Language affects our all over society
locative adverbs (rather adverbials of place) come at the end correlating to the direction of the target, because a target is by definition something at the end of a process. The pronoun comes beforehand.
There's a billion different interpretations because "all over" is not really a grammatically formal construct, like roundabout. Formalism are in fact used to be precise and avoid inaccuracies. If anything you have to quantify the imprecision. You need to circumscribe the context for us to help you.
Here's another one:
Language affects the direct object (accusative case) all over society
The verb is transitive requiring a direct object, but "all over our society" is not a noun phrase and as such couldn't be the direct object. What does it affect all over society?
"all over" is a preposition linking the verb and the indirect object, "society", so it's quite fine in the middle, and the whole description of place is still at the end.
Edit:
The word society (or culture) is a metaphorical personification of an abstract concept, that works very well, because it means actual persons. It's inherently subjective, because you don't say what property of these persons is actually affected, and because persons are actual subjects. I said, you might instead want to highlight the object that is actually affected. One possible interpretation would be that language affects the society's language. That makes the expression difficult, because then society affects itself, and language affects itself, too; but I'll ignore that because you didn't specify the context. I'll just say that affect has an emotional lexical aspect, it is subjective, not objective. Language as object rather has effect on subjects: "All of our society is effected by Language", which can be turned into a metaphor "Language has effects on all of our society". I say meta- because the language is still used by the person, so that sentence is on the meta level, which is fitting because language about language is necessarily on the meta level.
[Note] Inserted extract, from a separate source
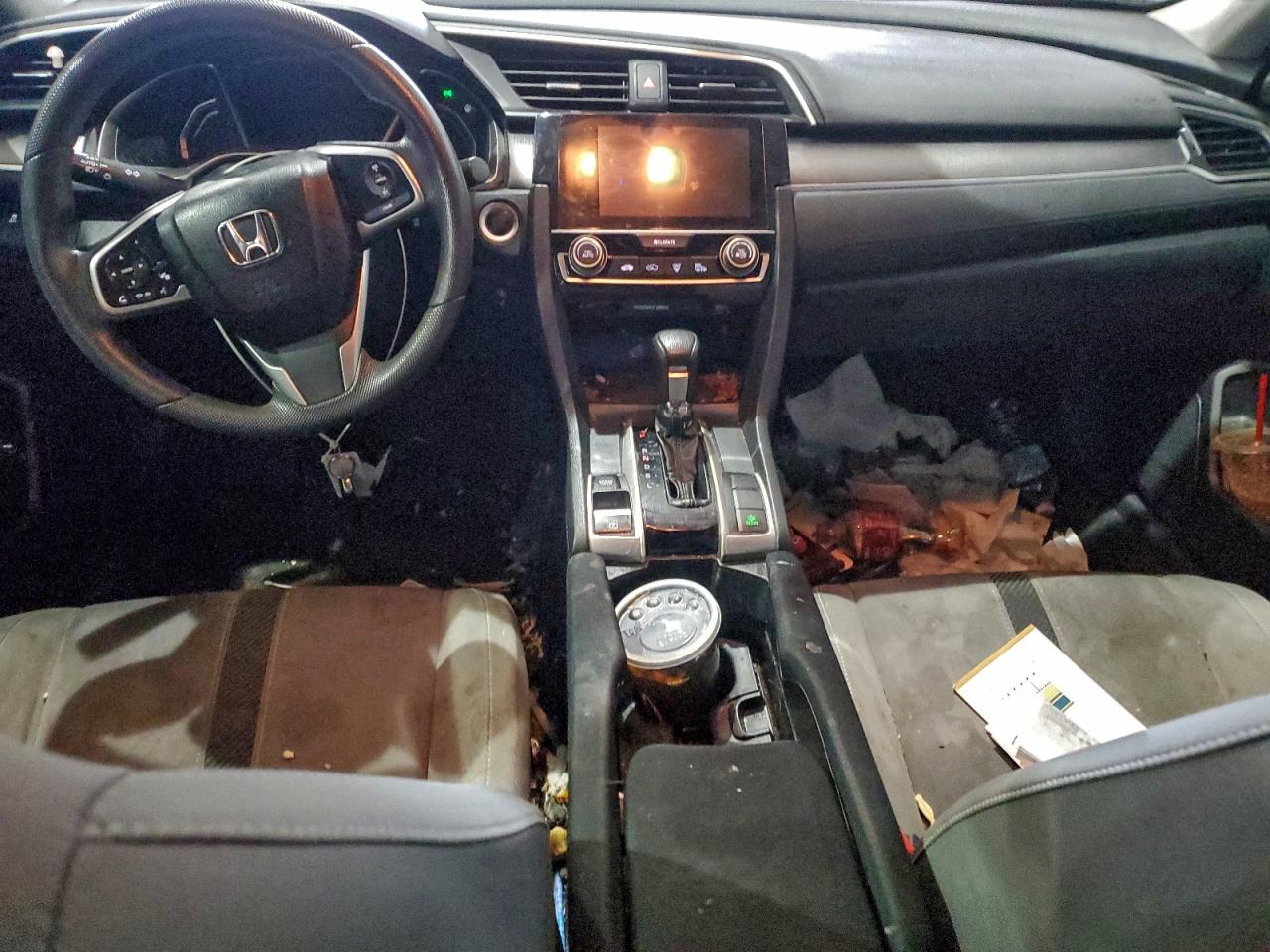 2017 HONDA CIVIC EX photo 8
The simplest correct case would be:
Language affects our society.
To be precise, you could say "all of our society" in the abstract sense, or "everyone in our society" in the personal sense.
"All over" can be used as an adverbial of place meaning "everywhere", then it should come at the end as well; this would emphasise that society is not bound to a place, which makes it an oxymoron - a grammatically correct contradiction, which can be used as rhetorical device to resolve a paradox by proof by contradiction. Simply speaking: this would put emphasize on the negation of a previously assumed fact ("assumed fact" is likewise an oxymoron ... ).
It can be used to replace "everything" in "affects everything in/of our society", too, then your sentence would be correct, but most certainly not directly true, and to be unspecific I would instead still prefer "affects our society". "all over" is listed as a pronoun, too, but I think it's in informal style. Then my first recommendation "our all over society" would be the one to use, "our all over" being the colloquially idiomatic combination of these pronouns. Compare that to the formal compound pronouns, i.e. "language affects itself", which highlights the recursive nature of language, but isn't useful without [recursion] termination. If the terminating end condition is implicit, the whole sentence could be implicit and I would leave it out.